Each entry is to be retyped exactly as it appears. Leave the images out.

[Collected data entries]

____

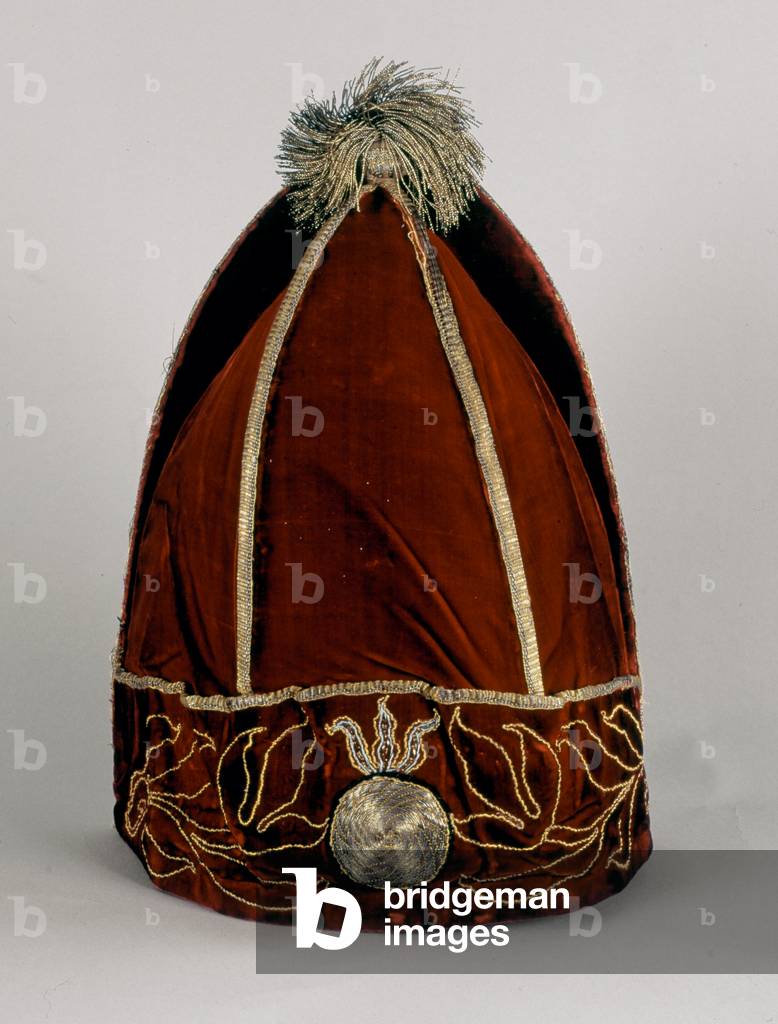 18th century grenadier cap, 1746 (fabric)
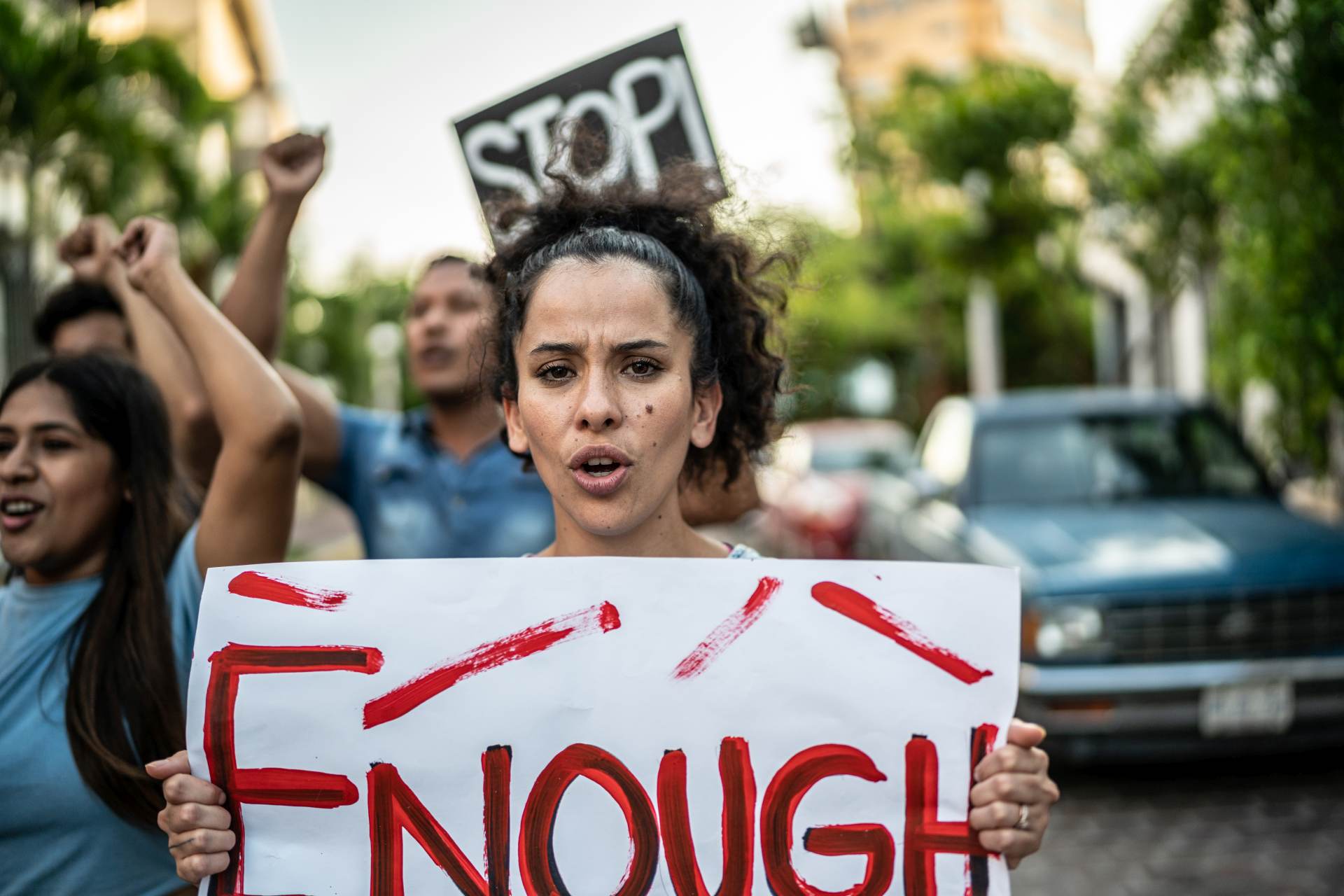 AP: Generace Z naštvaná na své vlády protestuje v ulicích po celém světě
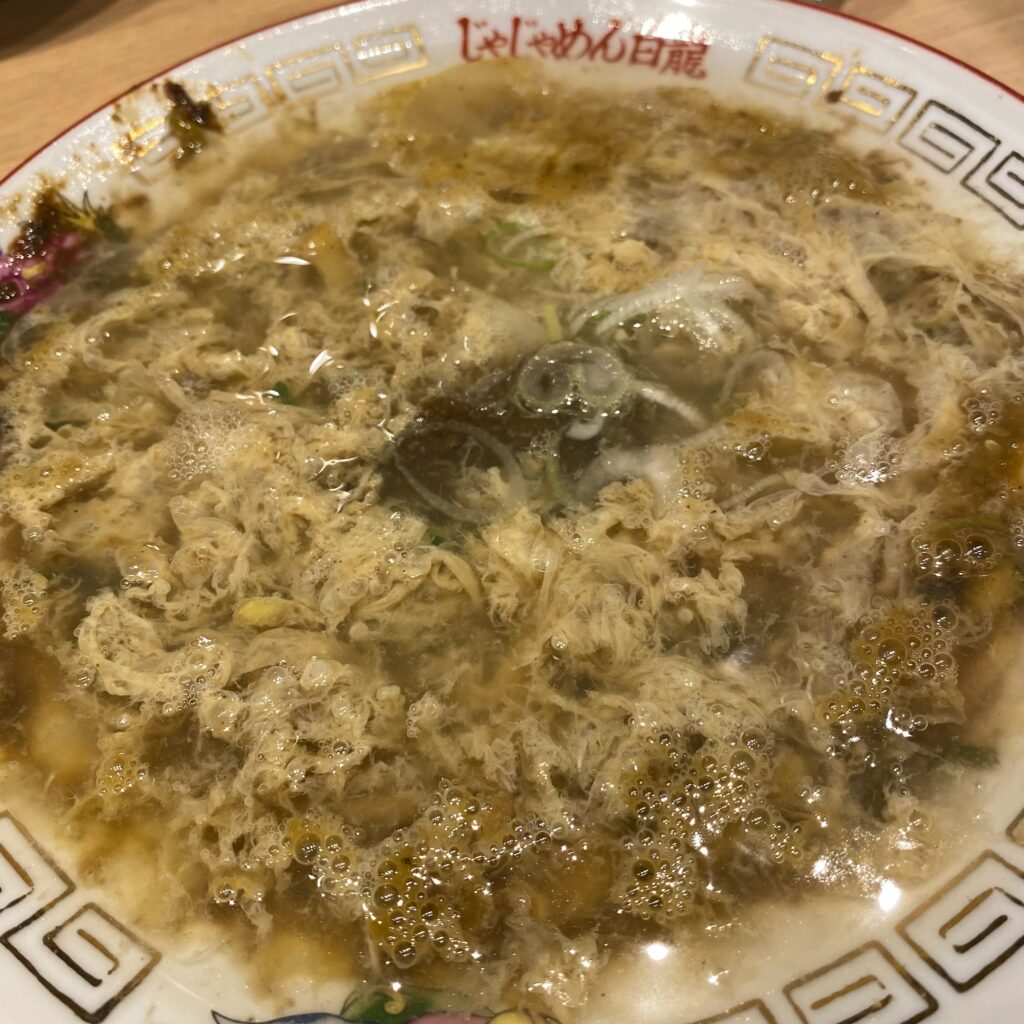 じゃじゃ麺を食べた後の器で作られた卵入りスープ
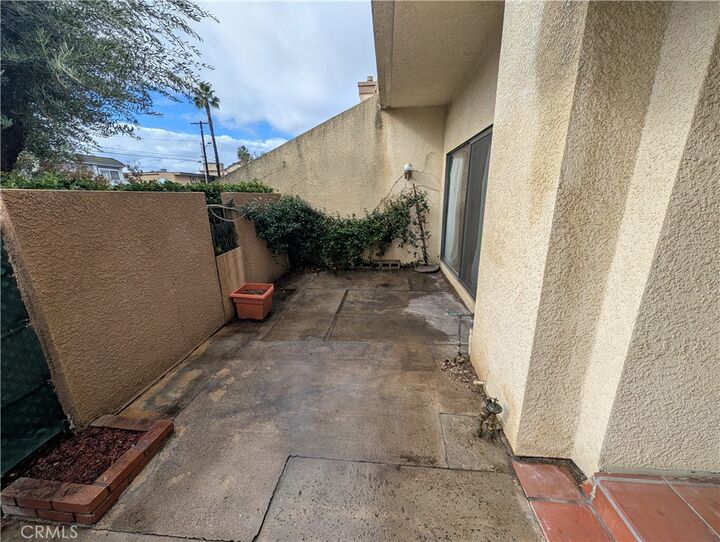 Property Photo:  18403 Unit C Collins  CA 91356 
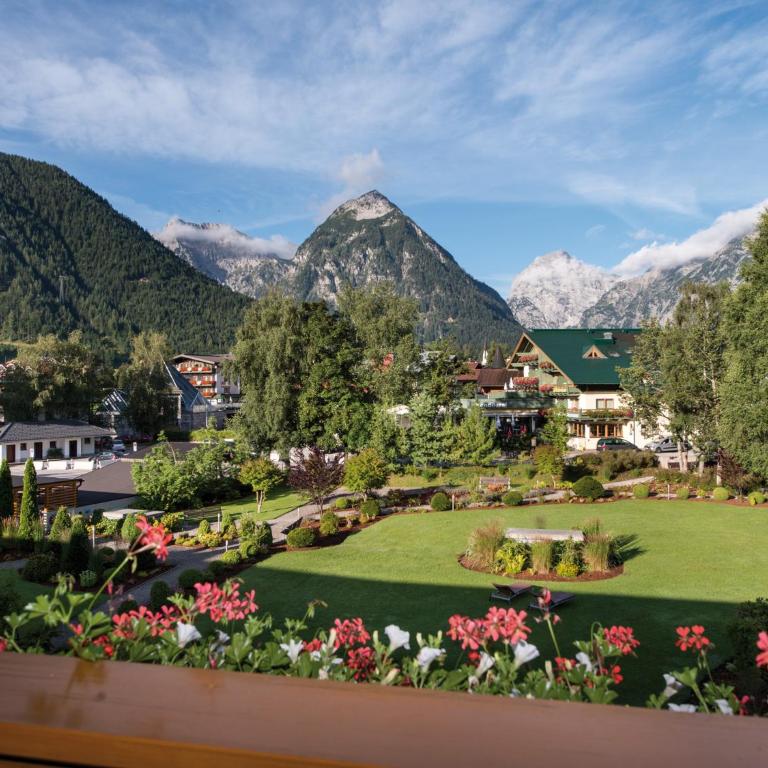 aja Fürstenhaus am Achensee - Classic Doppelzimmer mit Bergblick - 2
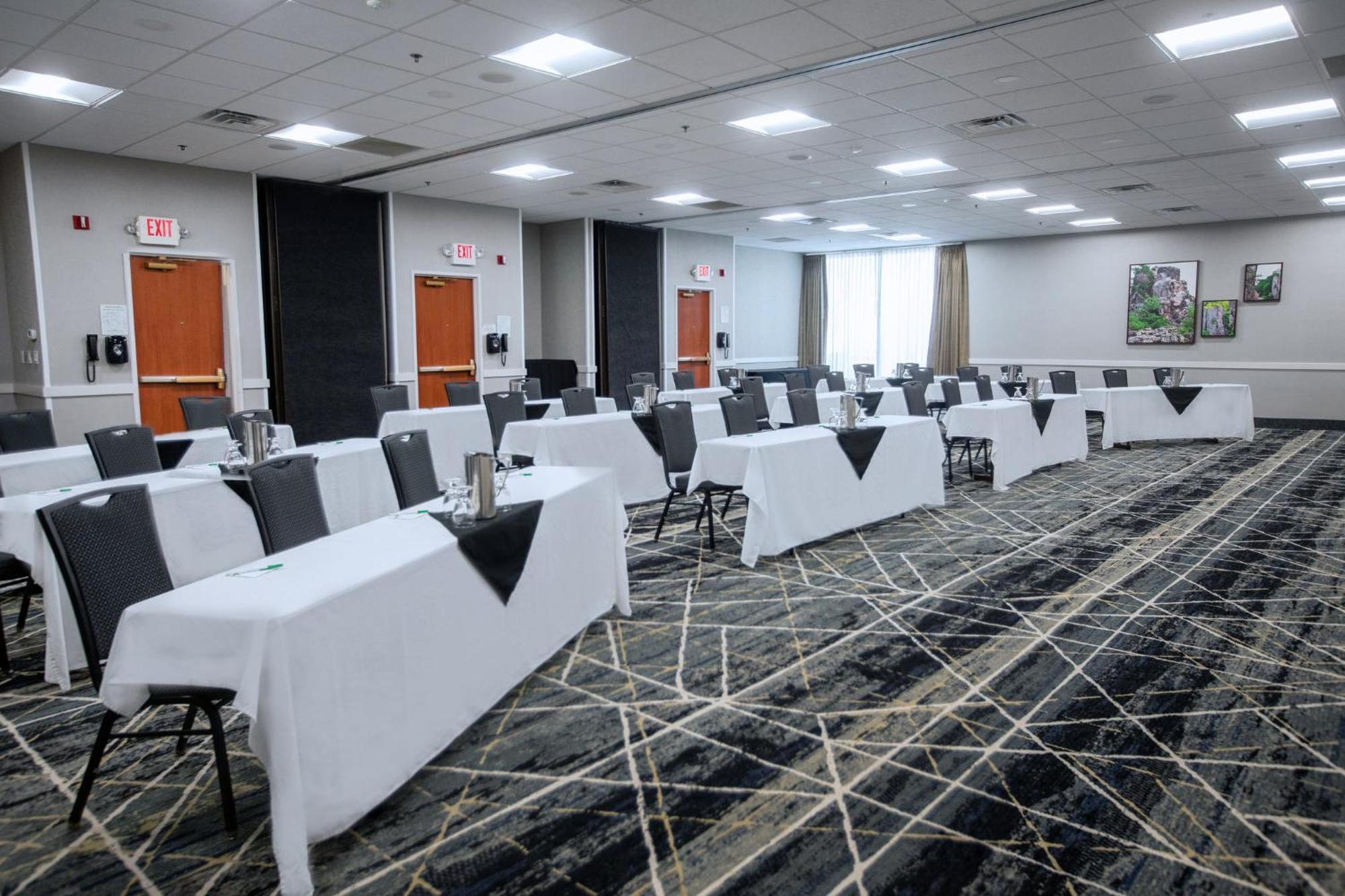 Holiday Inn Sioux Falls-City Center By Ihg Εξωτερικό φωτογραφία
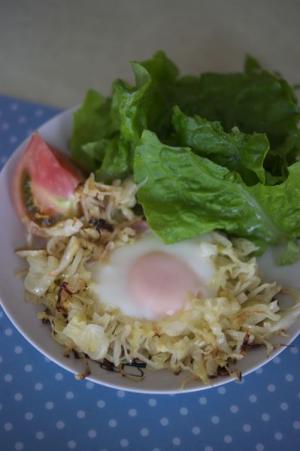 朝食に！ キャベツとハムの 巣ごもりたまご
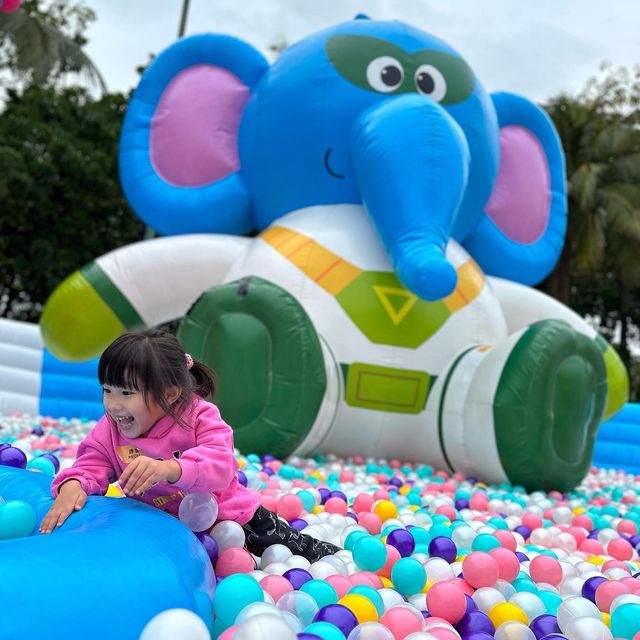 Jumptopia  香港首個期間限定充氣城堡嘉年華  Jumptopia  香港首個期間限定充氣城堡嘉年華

____

## RESPONSE BOX
 18th century grenadier cap, 1746 (fabric)
 AP: Generace Z naštvaná na své vlády protestuje v ulicích po celém světě
 じゃじゃ麺を食べた後の器で作られた卵入りスープ
 Property Photo:  18403 Unit C Collins  CA 91356 
 aja Fürstenhaus am Achensee - Classic Doppelzimmer mit Bergblick - 2
 Holiday Inn Sioux Falls-City Center By Ihg Εξωτερικό φωτογραφία
 朝食に！ キャベツとハムの 巣ごもりたまご
 Jumptopia  香港首個期間限定充氣城堡嘉年華  Jumptopia  香港首個期間限定充氣城堡嘉年華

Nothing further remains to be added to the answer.